After reading the literature, I downloaded the PseudoPipe program(Pipeline
Source Code) at http://pseudogene.org/ and tried to use it to identify
pseudogene sequences in mammalian genome.But there are some questions
during pre-experiment.I input the exsiting data
(caenorhabditis_elegans_62_220a) and installed Python 2.26,howeverthe
PseudoPipe program failed to run the parseFastaAlignment.py.I analysed the
fastaAlign did not do well.It really puzzle me a lot, and I will appreciate
it if you can solve them for me.

A:
Please note that PseudoPipe was written to discover pseudogenes in mammalian genomes, it does not work well in C. elegans.

ncRNA position doesn’t match

Q:
I have downloaded the psiDR for comparing the results with previously posted
lincRNAs at the UCSC web site.

I found that the following entry doesn’t match with the current hg19
positions assigned at the UCSC genome browser:

gene_id "ENSG00000224184.1"; transcript_id "ENSG00000224184.1"; gene_type
"lincRNA"; gene_status "NOVEL"; gene_name "AC096559.1"; transcript_type
"lincRNA"; transcript_status "NOVEL"; transcript_name "AC096559.1"; level 2;
tag "ncRNA_host"; havana_gene "OTTHUMG00000151709.2";

Coordinates at psiDR are: chr2:11,988,748-12,718,474

Coordinates at UCSC are: chr2:12,716,164-12,783,038

Don’t know whether or not that happens with the coordinates of other
elements.

I can’t find a way to explain this difference other than a mistake in the
annotation process, but maybe I’m wrong and there is a better explanation.

A:
We use the GENCODE gene annotation model. If you check Ensembl for "ENSG00000224184.1", you will see that it matches the coordinates at psidDR.
I think the UCSC track includes the actual clone boundaries. You can e-mail to the UCSC help desk. They are generally very responsive. Please bear in mind that coordinates also change a bit with updated genome assembly as well refined gene annotation models.

Question about definition of startOverlap and endOverlap in VAT

Q:
I have been using your variant annotation tool VAT and I have a question about what the definition is of startOverlap and endOverlap. I went through the example workflow and I have annotated another file, but I do not have any variants annotated with these types in my files. I went through your website but I could not find a listing of definitions for the terms. Thank you.

A:
These features are annotated only for indels. Essentially, when a indels affects the START of a gene or the end of a gene, it is annotated as startOverlap and end Overlap respectively. You can find extensive documentation for VAT at vat.gersteinlab.org. Please click on "Documentation" tab. Please let me know if you have any more questions.

Completion of job on coevolution server

Q:

we are trying to find the co-evolving positions in a protein family of interest. I had submitted a job on the co-evolution server several days back, but I have not received a response yet. Could you please let me know the estimated time of completion of my job?

A:
There was a long queue of pending tasks, and one of had been stuck in the queue for some time. I have removed it to let the others run. Please see if you can get your results within a day. If not, please let me know and I will check the system again.

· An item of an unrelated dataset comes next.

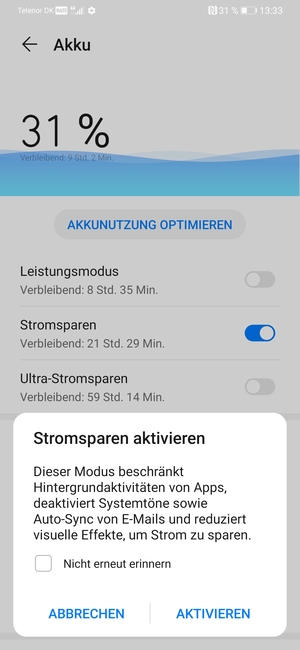 Wählen Sie AKTIVIEREN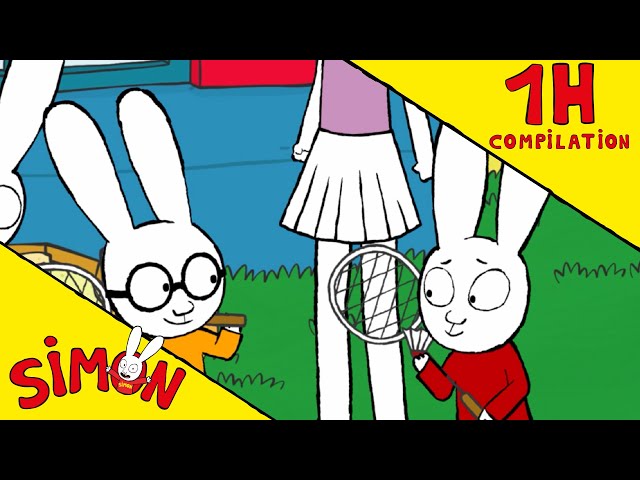 Simon *Let's play badminton!* 1 hour COMPILATION Season 2 Full episodes Cartoons for Children class=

Question about using AlleleSeq tool

Q:

I am a student doing a research project in allele-specific expression,
and am planning to use your lab’s AlleleSeq tool.

I am trying to use the YRI Population HapMap data. I went and tried to
find phased YRI trio data (from 1000 Genomes) to input into the
vcf2diploid tool. Unfortunately, I found data that includes only the
parent ID’s, but not the child’s. Since I don’t have the child data, I
am unable to use the AlleleSeq pipeline.

I was wondering if you could give me some suggestions on how to do ASE
given only the parental data.

A:
Thank you for your interest in the AlleleSeq pipeline.

The AlleleSeq pipeline assumes that the ‘child’ is the subject in which you
are trying to find ASE. Hence the genotypes of the subject are required.